__What is needed__
After the line containing "601 Pineridge Dr, Hopkinsville, KY 42240", write nothing more; before it, reproduce every line of the material below exactly, starting with the first.
[Opening Source data section]
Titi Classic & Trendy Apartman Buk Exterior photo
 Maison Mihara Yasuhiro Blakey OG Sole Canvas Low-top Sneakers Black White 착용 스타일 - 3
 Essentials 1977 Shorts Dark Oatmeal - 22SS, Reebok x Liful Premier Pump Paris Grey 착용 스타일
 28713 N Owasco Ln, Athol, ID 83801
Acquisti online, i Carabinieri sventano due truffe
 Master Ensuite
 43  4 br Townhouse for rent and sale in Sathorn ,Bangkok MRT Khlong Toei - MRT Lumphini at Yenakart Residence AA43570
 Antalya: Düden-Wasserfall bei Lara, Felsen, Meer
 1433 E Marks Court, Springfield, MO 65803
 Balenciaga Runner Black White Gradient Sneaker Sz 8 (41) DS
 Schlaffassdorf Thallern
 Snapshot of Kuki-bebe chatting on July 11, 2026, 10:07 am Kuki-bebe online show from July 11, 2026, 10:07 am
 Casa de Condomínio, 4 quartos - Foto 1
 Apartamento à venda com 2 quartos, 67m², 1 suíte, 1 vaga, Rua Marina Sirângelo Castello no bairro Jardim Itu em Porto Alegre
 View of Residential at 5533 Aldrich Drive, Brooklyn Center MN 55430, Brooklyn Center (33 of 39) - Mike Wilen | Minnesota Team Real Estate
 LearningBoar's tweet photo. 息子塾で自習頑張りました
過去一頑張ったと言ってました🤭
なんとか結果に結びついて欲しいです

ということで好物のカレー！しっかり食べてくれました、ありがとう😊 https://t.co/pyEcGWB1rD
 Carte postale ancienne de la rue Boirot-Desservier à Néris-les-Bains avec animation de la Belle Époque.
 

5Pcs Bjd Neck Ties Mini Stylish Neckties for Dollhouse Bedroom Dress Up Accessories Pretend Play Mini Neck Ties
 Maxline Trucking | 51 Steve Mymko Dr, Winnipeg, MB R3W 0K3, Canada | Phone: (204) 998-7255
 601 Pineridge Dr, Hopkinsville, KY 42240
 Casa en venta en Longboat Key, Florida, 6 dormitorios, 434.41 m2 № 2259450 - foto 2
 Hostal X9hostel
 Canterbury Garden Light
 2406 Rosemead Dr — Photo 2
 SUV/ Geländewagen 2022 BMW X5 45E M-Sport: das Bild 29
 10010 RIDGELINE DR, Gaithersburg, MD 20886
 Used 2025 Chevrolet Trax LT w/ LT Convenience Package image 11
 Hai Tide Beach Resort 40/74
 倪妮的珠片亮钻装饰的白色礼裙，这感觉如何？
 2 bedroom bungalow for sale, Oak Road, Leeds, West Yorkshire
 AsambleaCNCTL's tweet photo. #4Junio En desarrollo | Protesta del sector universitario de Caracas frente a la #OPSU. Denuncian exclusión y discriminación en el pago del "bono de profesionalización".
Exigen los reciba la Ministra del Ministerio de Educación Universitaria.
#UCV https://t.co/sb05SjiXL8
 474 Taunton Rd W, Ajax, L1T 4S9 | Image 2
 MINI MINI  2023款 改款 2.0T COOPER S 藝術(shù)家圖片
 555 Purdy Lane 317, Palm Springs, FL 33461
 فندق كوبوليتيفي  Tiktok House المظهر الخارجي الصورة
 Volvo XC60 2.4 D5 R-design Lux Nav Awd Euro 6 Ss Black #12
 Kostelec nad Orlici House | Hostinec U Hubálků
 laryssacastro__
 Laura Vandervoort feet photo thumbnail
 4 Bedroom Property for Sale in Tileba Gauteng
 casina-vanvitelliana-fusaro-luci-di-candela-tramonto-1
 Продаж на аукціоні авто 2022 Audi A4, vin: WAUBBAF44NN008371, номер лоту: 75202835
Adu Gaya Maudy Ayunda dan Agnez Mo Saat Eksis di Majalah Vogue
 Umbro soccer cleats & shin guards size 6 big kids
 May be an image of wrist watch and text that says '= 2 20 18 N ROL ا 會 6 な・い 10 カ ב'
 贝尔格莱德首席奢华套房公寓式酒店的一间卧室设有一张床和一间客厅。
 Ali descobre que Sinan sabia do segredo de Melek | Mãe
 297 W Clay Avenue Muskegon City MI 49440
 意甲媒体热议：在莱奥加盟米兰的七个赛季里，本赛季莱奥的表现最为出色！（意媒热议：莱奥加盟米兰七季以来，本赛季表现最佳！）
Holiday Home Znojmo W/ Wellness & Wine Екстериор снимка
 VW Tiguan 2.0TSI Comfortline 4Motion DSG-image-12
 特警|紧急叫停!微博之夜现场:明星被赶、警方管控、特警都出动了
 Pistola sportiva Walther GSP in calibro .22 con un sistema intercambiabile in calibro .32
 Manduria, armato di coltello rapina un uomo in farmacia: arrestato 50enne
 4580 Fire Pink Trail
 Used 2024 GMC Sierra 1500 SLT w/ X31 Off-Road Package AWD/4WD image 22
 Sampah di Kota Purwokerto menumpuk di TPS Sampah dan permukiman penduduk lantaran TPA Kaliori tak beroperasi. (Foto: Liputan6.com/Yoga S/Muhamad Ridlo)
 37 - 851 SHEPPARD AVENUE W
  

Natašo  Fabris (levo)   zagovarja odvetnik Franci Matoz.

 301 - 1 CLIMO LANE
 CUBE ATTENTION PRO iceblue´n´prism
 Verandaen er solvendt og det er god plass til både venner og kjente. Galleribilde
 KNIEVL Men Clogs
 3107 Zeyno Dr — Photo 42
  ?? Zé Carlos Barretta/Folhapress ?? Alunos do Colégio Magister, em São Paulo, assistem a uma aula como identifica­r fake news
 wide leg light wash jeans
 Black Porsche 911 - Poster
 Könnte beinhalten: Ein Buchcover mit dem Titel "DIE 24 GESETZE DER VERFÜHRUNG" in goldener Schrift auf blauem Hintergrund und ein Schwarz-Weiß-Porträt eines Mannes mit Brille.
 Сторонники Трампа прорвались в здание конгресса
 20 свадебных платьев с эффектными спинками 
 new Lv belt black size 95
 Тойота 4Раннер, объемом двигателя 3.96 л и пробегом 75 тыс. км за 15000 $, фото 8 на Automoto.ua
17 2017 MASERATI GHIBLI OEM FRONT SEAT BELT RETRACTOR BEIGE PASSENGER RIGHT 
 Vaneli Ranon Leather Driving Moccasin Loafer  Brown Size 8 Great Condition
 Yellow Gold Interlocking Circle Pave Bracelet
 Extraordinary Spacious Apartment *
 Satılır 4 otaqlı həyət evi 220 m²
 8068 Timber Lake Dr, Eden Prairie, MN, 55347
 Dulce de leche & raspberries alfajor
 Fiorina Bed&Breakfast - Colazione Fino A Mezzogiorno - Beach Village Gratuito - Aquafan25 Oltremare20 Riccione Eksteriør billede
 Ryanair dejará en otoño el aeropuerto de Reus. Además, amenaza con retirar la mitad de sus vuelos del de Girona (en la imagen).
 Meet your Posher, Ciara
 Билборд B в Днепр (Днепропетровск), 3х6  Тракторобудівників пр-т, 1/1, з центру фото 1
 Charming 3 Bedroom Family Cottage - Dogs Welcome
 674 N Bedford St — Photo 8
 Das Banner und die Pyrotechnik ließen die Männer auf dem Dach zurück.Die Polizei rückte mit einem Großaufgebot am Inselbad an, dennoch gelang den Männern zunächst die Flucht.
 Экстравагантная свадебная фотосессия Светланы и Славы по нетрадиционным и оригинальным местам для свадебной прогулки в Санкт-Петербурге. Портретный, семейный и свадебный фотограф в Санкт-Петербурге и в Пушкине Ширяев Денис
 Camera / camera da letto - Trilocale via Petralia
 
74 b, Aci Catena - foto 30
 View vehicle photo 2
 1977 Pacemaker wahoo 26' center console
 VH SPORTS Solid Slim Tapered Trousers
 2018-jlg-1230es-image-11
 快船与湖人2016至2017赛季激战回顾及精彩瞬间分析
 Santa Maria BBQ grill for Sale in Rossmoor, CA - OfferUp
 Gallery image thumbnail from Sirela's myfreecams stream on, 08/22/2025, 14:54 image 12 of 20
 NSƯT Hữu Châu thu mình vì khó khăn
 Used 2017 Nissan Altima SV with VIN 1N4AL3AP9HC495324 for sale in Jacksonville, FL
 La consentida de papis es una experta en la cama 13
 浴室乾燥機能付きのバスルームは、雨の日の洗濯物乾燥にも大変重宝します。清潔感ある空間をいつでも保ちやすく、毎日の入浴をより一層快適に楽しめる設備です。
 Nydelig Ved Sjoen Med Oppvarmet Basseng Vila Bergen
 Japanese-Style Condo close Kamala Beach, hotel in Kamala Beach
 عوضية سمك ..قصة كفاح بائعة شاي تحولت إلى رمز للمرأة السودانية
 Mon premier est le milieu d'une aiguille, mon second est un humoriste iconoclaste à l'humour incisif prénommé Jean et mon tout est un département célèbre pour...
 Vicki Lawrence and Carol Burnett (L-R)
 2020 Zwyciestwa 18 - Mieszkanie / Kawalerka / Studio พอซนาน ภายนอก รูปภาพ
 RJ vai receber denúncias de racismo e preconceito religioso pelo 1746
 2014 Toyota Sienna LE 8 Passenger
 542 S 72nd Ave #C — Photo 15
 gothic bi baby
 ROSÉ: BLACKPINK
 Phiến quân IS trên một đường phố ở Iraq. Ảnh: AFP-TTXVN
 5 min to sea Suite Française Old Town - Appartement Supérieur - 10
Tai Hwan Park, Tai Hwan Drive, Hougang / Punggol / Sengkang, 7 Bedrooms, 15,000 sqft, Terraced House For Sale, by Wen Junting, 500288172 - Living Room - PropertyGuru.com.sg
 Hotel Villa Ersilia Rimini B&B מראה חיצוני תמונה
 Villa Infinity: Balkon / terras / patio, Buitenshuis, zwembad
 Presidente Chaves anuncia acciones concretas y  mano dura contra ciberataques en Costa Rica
[Closing Source data section]
__Task response__
Titi Classic & Trendy Apartman Buk Exterior photo
 Maison Mihara Yasuhiro Blakey OG Sole Canvas Low-top Sneakers Black White 착용 스타일 - 3
 Essentials 1977 Shorts Dark Oatmeal - 22SS, Reebok x Liful Premier Pump Paris Grey 착용 스타일
 28713 N Owasco Ln, Athol, ID 83801
Acquisti online, i Carabinieri sventano due truffe
 Master Ensuite
 43  4 br Townhouse for rent and sale in Sathorn ,Bangkok MRT Khlong Toei - MRT Lumphini at Yenakart Residence AA43570
 Antalya: Düden-Wasserfall bei Lara, Felsen, Meer
 1433 E Marks Court, Springfield, MO 65803
 Balenciaga Runner Black White Gradient Sneaker Sz 8 (41) DS
 Schlaffassdorf Thallern
 Snapshot of Kuki-bebe chatting on July 11, 2026, 10:07 am Kuki-bebe online show from July 11, 2026, 10:07 am
 Casa de Condomínio, 4 quartos - Foto 1
 Apartamento à venda com 2 quartos, 67m², 1 suíte, 1 vaga, Rua Marina Sirângelo Castello no bairro Jardim Itu em Porto Alegre
 View of Residential at 5533 Aldrich Drive, Brooklyn Center MN 55430, Brooklyn Center (33 of 39) - Mike Wilen | Minnesota Team Real Estate
 LearningBoar's tweet photo. 息子塾で自習頑張りました
過去一頑張ったと言ってました🤭
なんとか結果に結びついて欲しいです

ということで好物のカレー！しっかり食べてくれました、ありがとう😊 https://t.co/pyEcGWB1rD
 Carte postale ancienne de la rue Boirot-Desservier à Néris-les-Bains avec animation de la Belle Époque.
 

5Pcs Bjd Neck Ties Mini Stylish Neckties for Dollhouse Bedroom Dress Up Accessories Pretend Play Mini Neck Ties
 Maxline Trucking | 51 Steve Mymko Dr, Winnipeg, MB R3W 0K3, Canada | Phone: (204) 998-7255
 601 Pineridge Dr, Hopkinsville, KY 42240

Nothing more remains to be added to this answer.